Another thing which is interesting — and which I would like to discuss with some peeps — is that I have been reading Bishop Spong’s “Why Christianity Must Change or Die”. It has been a long time, a very long time, since I have wanted so badly to throw a book actually across the room. I was actually having violent urges towards the book. Since it is a library book, though, I just kept myself to yelling, “WHAT ARE YOU TALKING ABOUT? YOU DO NOT EVEN MAKE SENSE!” at the book. Basically, though, to sum up, in the first twenty pages (which is how far I am), Bishop Spong has done away with (to his satisfaction, not mine):
- the bodily resurrection of Christ
- the Trinity
- an omniscient, omnipotent God (his argument against God’s omnipotence in fact seems also to deny the whole idea of free will)
- the incarnation of God as Christ
He seems to be completely against the Apostles’ Creed… why would he ever become an ordained priest — let alone bishop — inany church if he did not believe in the fundamental beliefs as set down in the creeds of that church?
But I think what’s worst is that his “arguments” are in no way logical. A recurring argument seems to be “this concept has no relevance to modern Christians, and must therefore be wrong”. Now, for one thing, just because a concept has no relevance — that does not make it wrong. But also, it seems to me that a person has to be awfully full of himself to say that something which hashad relevance to billions of people over two thousand years can not, in fact, have relevance to anyone now.
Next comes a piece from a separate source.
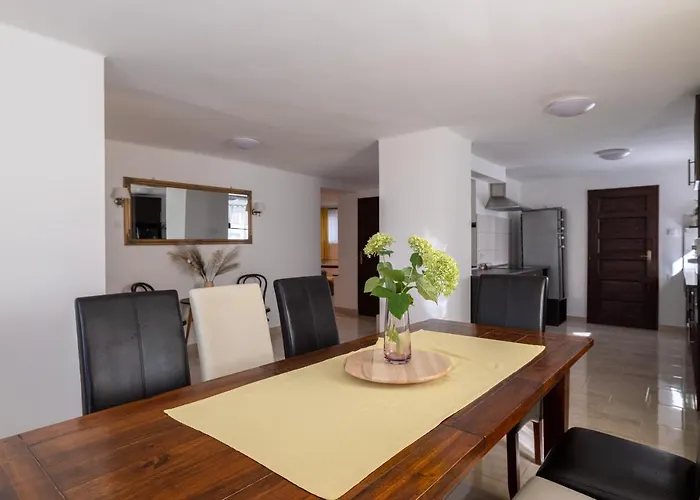 Lejlighed Harom A Kislany Vendeghaz *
One good thing that the book is doing, though, is making me look at all of the ways that the Apostles’ Creed can be wrongly interpreted, and say, “No, I believe the opposite”. So basically, the book itself is persuading me against its argument.

Traditionally, this is not the goal of rhetoric. It could be a big fake-out — that would make me happy — the purpose of which was simply to get people to think about their faith in a broader sense. Such a thing could actually be very helpful and interesting. Unfortunately, I think this is not the case. It annoys me. But if you want to discuss it, that would be cool, because I want to be open-minded and reasonable.

Since Sunday, though; had classes, went to the open climb at the climbing wall (yum, climbing), and OOH! saw the season premier of “Friends”. I have been getting caught up in this Highly Important TV show (while studying, of course!) because it is this really big deal here in Prentiss. There were probably 30 girls packed into our little TV lounge last night for the premier. It was pretty fun. “Friends with Friends!” Lots of giggling.

Today is my self-destruct day; last night was completely insane. I was hyper-caffeinated, and then I had a couple of different weird conversations that just sort of freaked me out. *slight shudder* Also, I had a German test this morning and a Core paper due; I still have a (luckily short) bibliography due for German film. Point is, though, that I was doing a lot of stuff for all three assignments last night, and then one of my friends shows up on AIM (somewhat) drunk, and it was sort of more than I could handle.

On the good side of things, this weekend is sort of relaxed; I am going to hang out with Steph and some other peeps and watch “Zoolander” downstairs tonight, and then tomorrow my German film class is taking a field trip to some funky movie theater which is an hour away… I’m excited for that, though, and strangely happy to be going somewhere in a car, because I have not been in one for almost a month (which somehow seems really weird to me).

Barista Goddess says: “DU MUSST CALIGARI WERDEN. Also, the heart must be the mediator between the hand and the mind. Also, express yourself!”